The Riverside Press-Enterprise
French writer Annie Ernaux wins the honor
PARIS >> French author Annie Ernaux won this year’s Nobel Prize in literature Thursday for blending fiction and autobiography in books that fearlessly mine her experiences as a working-class woman to explore life in France since the 1940s.
In more than 20 books published over five decades, Ernaux has probed deeply personal experiences and feelings — love, sex, abortion, shame — within a society split by gender and class divisions.
After half a century of defending feminist ideals, Ernaux said “it doesn’t seem to me that women have become equal in freedom, in power,” and she strongly defended women’s rights to abortion and contraception.
“I will fight to my last breath so that women can choose to be a mother, or not to be. It’s a fundamental right,” she said at a news conference in Paris. Ernaux’s first book, “Cleaned Out,” was about her own illegal abortion before the procedure was legalized in France.
The prize-giving Swedish Academy said Ernaux, 82, was recognized for “the courage and clinical acuity” of books rooted in her small-town background in the Normandy region of northwest France.

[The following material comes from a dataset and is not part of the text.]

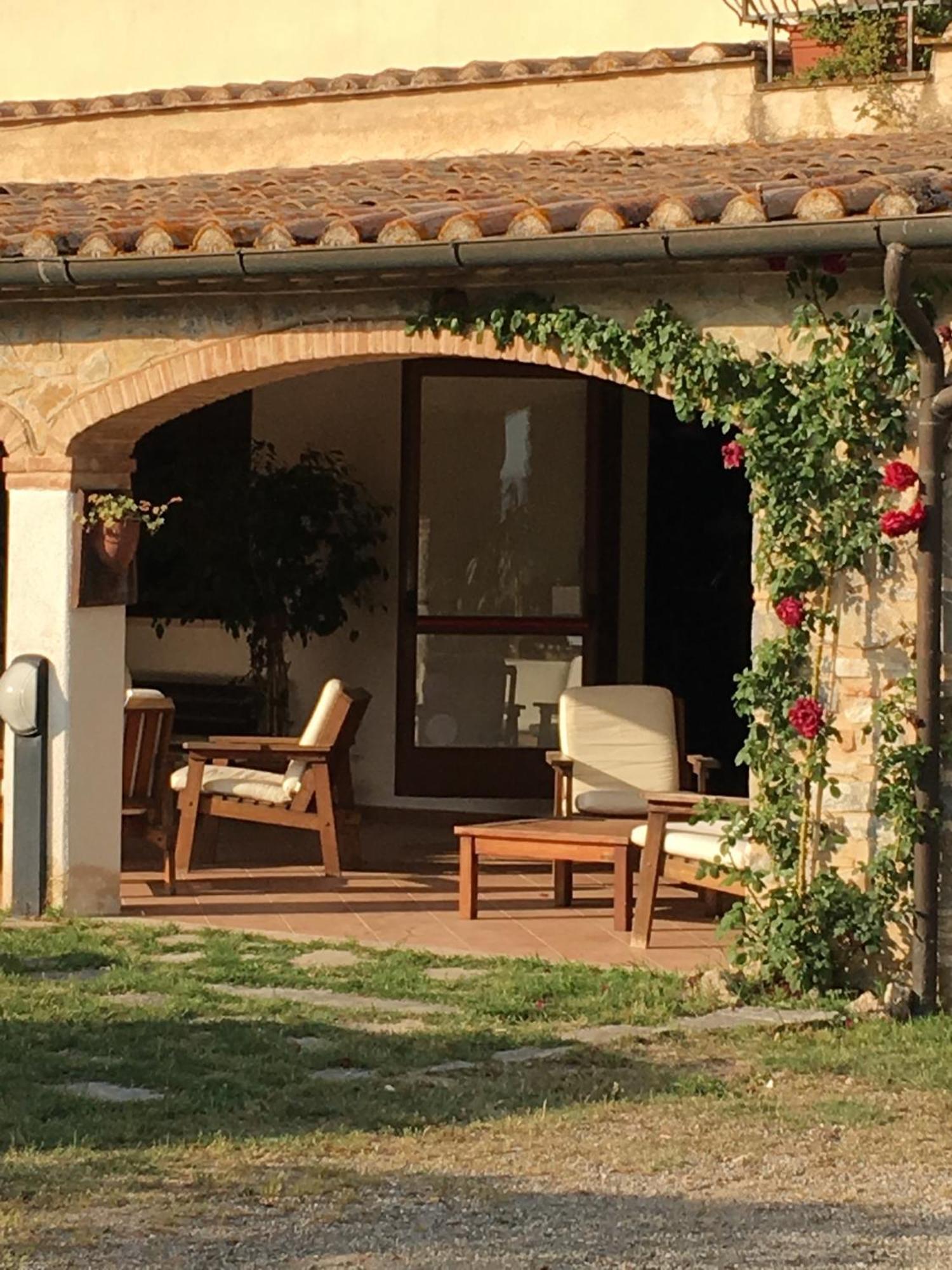Bagno Santo Residence Saturnia Esterno foto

Anders Olsson, chairman of the Nobel literature committee, said Ernaux is “not afraid to confront the hard truths.”
“She writes about things that no one else writes about, for instance her abortion, her jealousy, her experiences as an abandoned lover and so forth. I mean, really hard experiences,” he told The Associated Press after the award announcement in Stockholm. “And she gives words for these experiences that are very simple and striking. They are short books, but they are really moving.”

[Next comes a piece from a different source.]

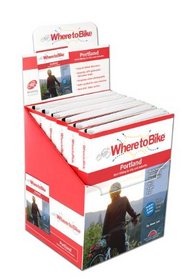 Where to Bike 6 pack Portland Display: Best Biking in City and Suburbs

French President Emmanuel Macron tweeted: “Annie Ernaux has been writing for 50 years the novel of the collective and intimate memory of our country. Her voice is that of women’s freedom, and the century’s forgotten ones.”
Though Macron praised Ernaux for her Nobel, she has been unsparing with him. A supporter of leftwing causes for social justice, she has poured scorn on Macron’s background in banking and said his first term as president failed to advance the cause of French women.
Ernaux’s books present uncompromising portraits of life’s most intimate moments, including sexual encounters, illness and the deaths of her parents. Olsson said Ernaux’s work was often “written in plain language.”